* **TO DO**: Each line from the one that holds "小窓がついているので湿気の多" to the end of the entries is to be given again exactly. Do not include pictures.

* **DATASET CONTENT**:
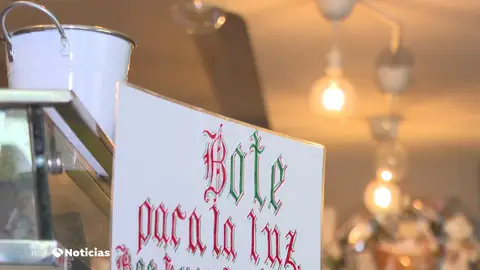 Un bar de Valladolid pone un bote para que sus clientes les ayuden a pagar la factura de la luz Un bar de Valladolid pone un bote para que sus clientes les ayuden a pagar la factura de la luz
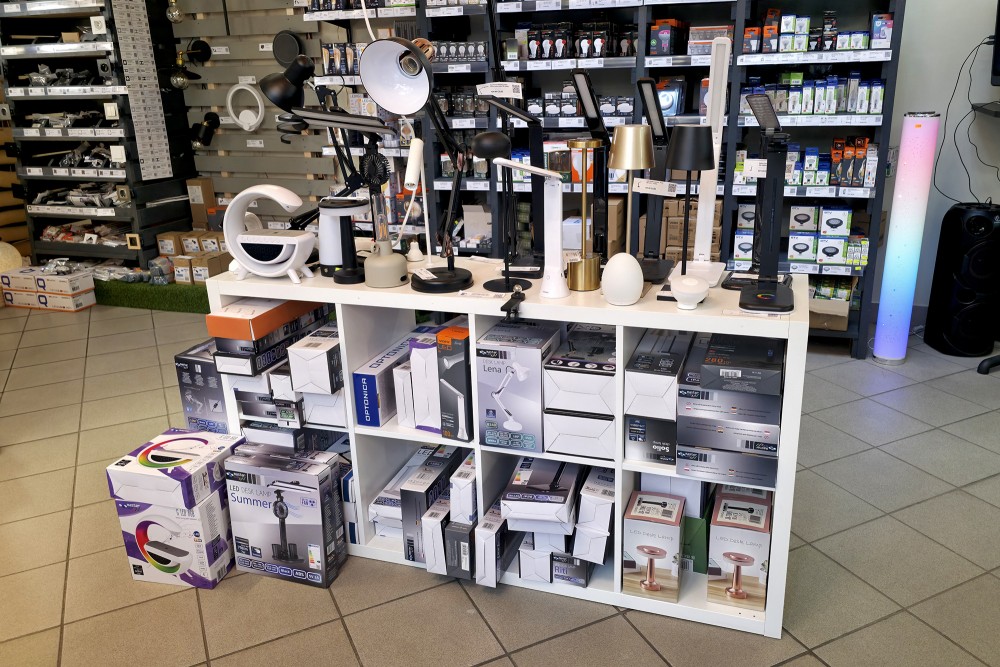 Funkcionālas LED galda lampas un dekoratīvais akcentu apgaismojums, Kurzeme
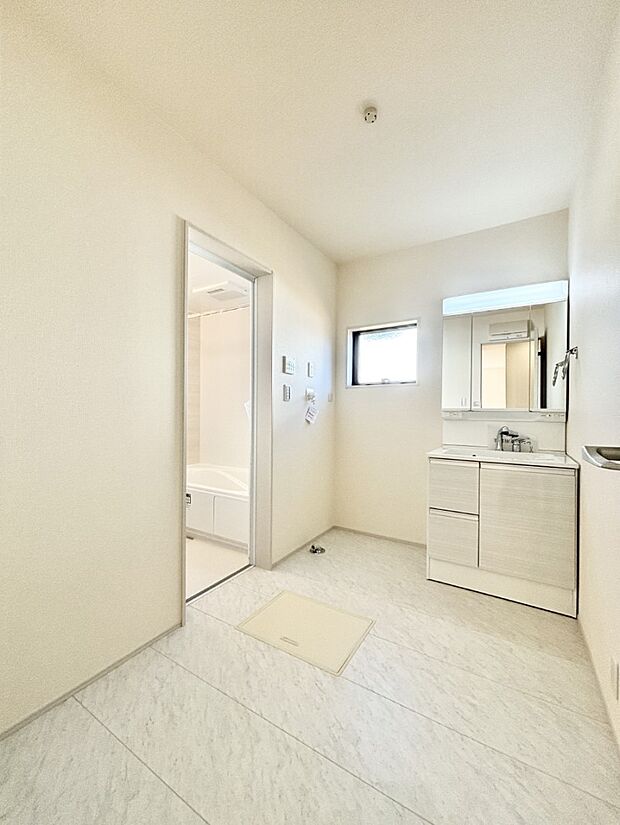 小窓がついているので湿気の多い場所でも換気が十分行えます。毎日の身支度を気持ち良く!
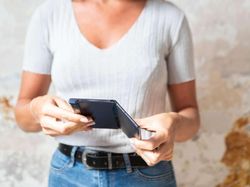 Mate X, Ponsel Layar Lipat Canggih ala Huawei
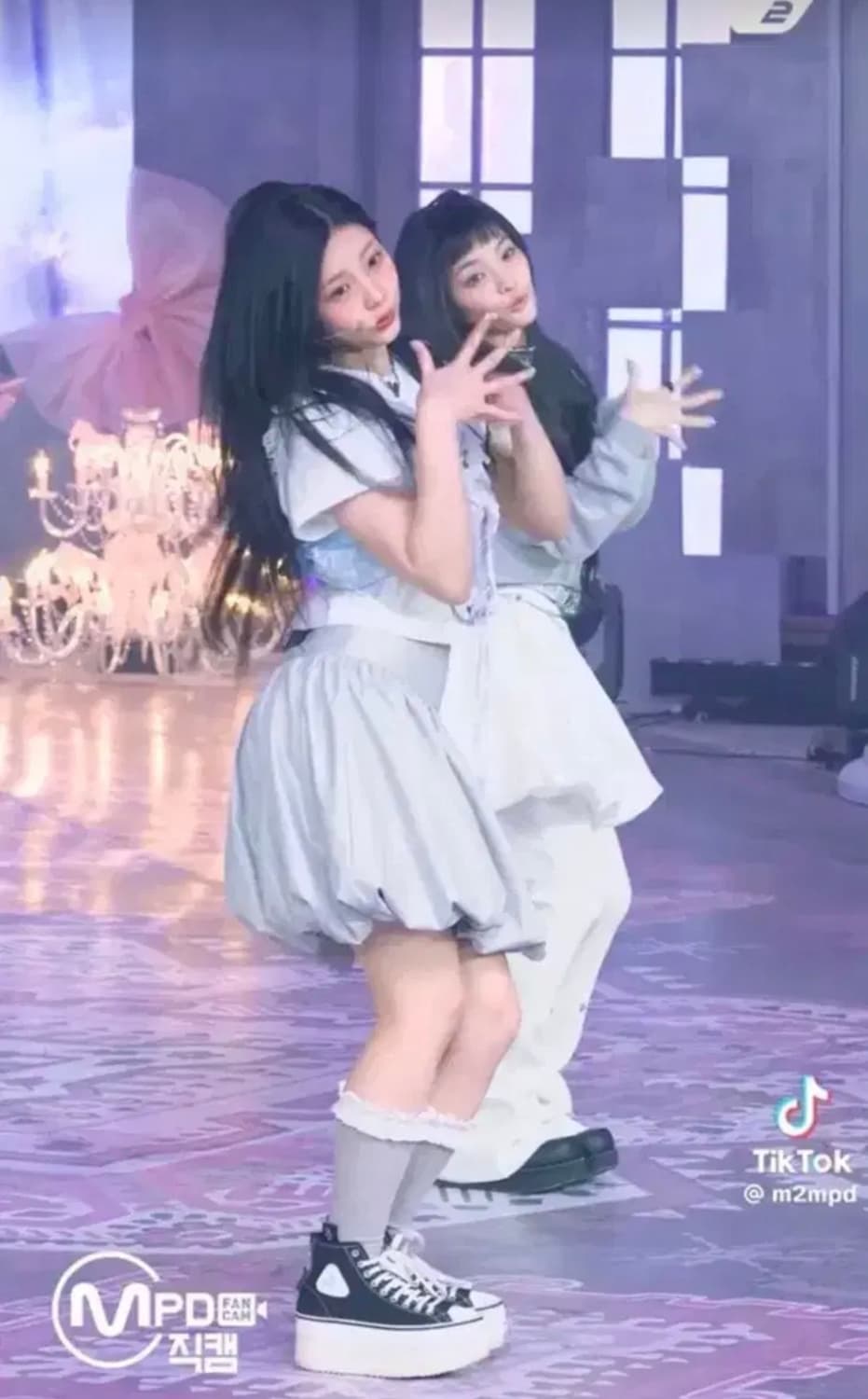 버뮬라 요크 벌룬 스커트 실버 s 아일릿 원희 착용 상품이미지2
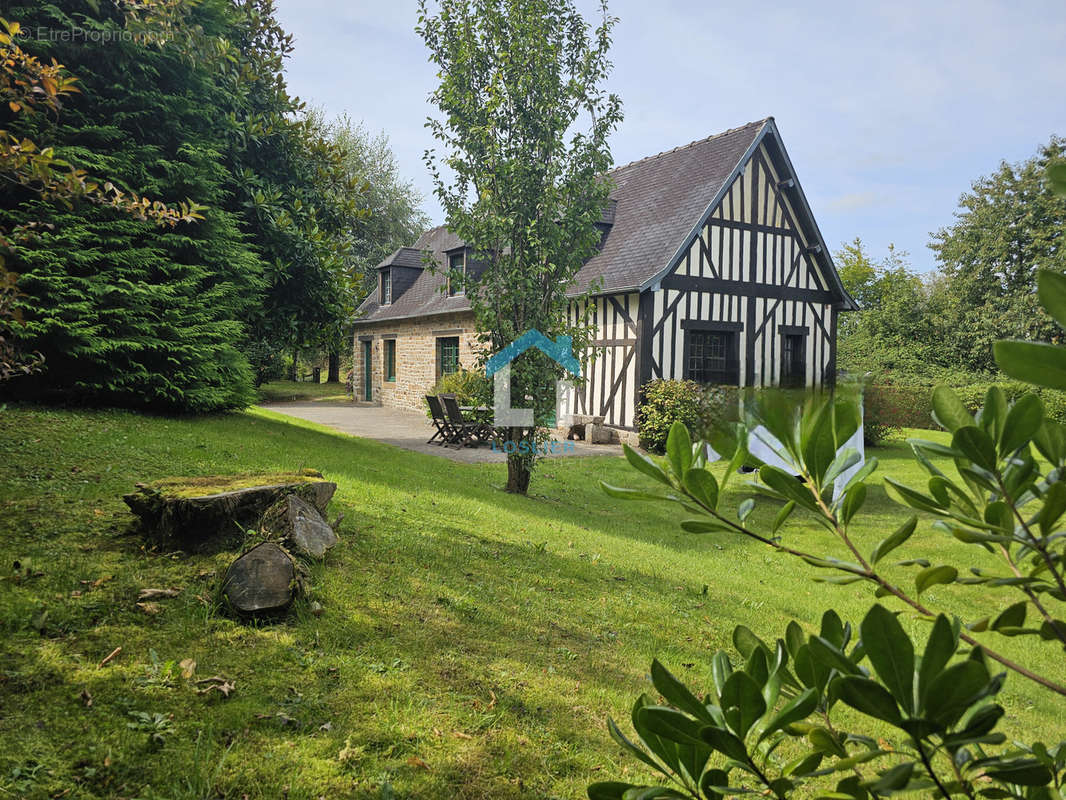 Maison à LE GRAND-CELLAND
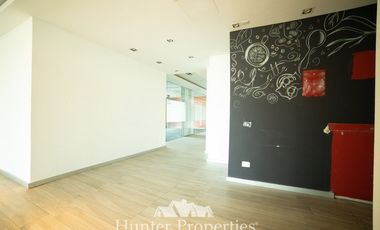 Oficina en Arriendo en Vespucio Norte / Vitacura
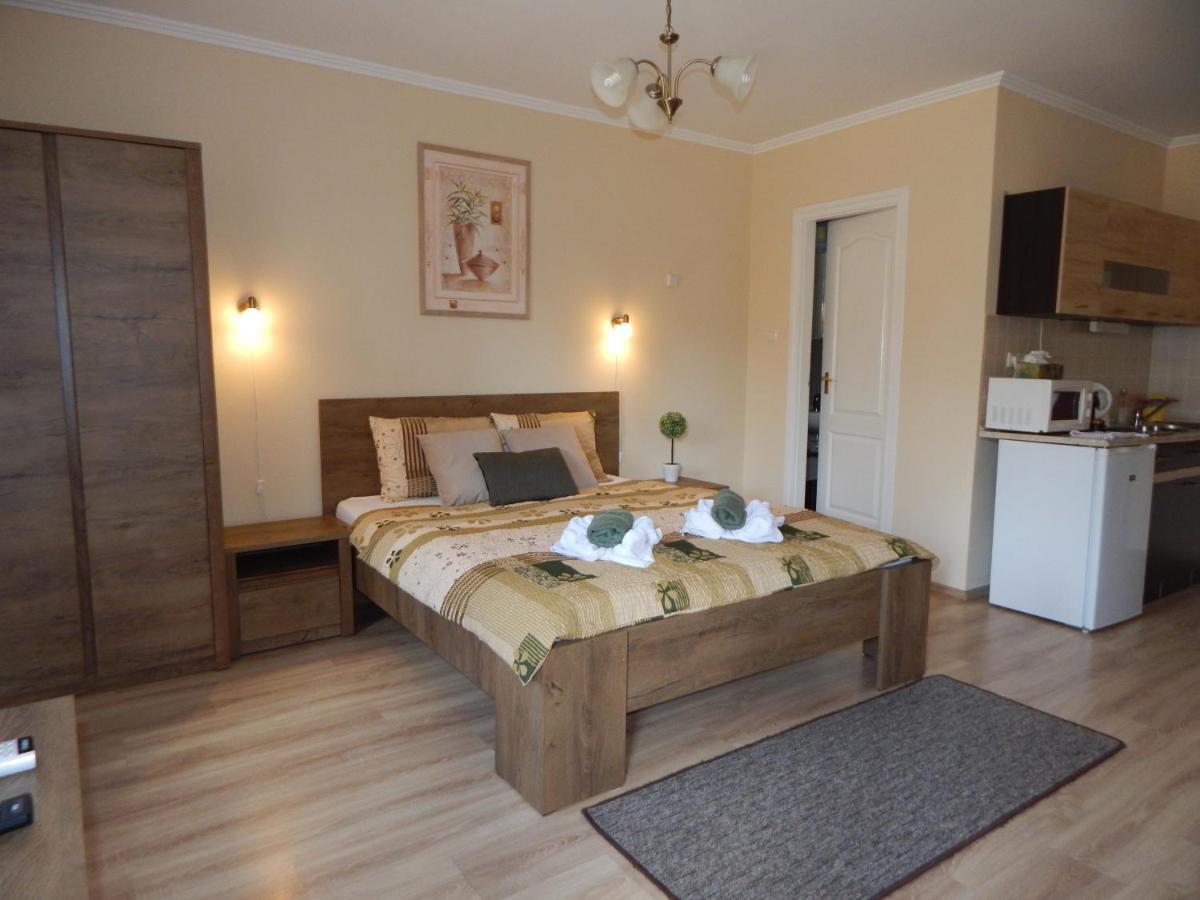 Voelgy Apartman Eger Eksteriør billede
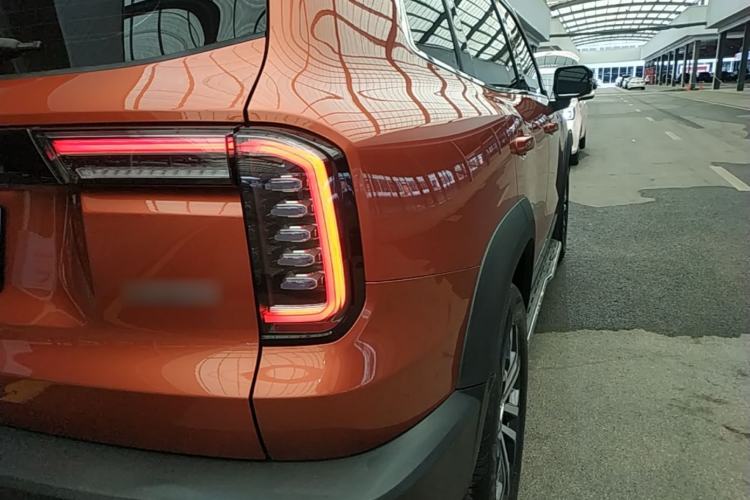 Used Haval DARGO 2022 1.5T DCT Two-Wheel Drive Border Collie Edition Right Rear Taillight
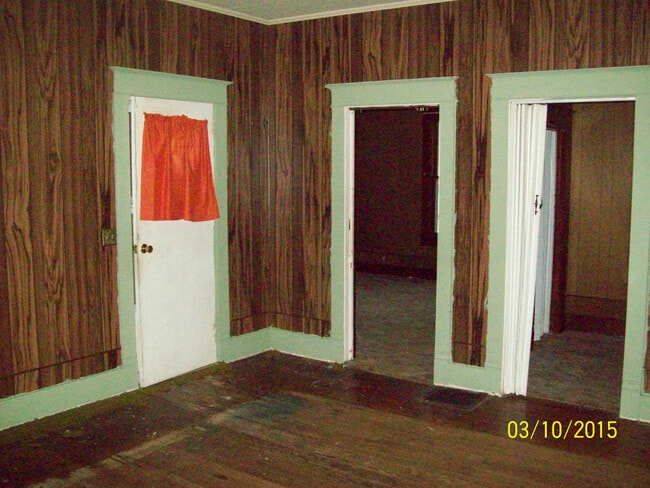 Building Photo - FARMINGTON - Historic downtown location / ...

* **TASK SOLUTION**:
 小窓がついているので湿気の多い場所でも換気が十分行えます。毎日の身支度を気持ち良く!
 Mate X, Ponsel Layar Lipat Canggih ala Huawei
 버뮬라 요크 벌룬 스커트 실버 s 아일릿 원희 착용 상품이미지2
 Maison à LE GRAND-CELLAND
 Oficina en Arriendo en Vespucio Norte / Vitacura
 Voelgy Apartman Eger Eksteriør billede
 Used Haval DARGO 2022 1.5T DCT Two-Wheel Drive Border Collie Edition Right Rear Taillight
 Building Photo - FARMINGTON - Historic downtown location / ...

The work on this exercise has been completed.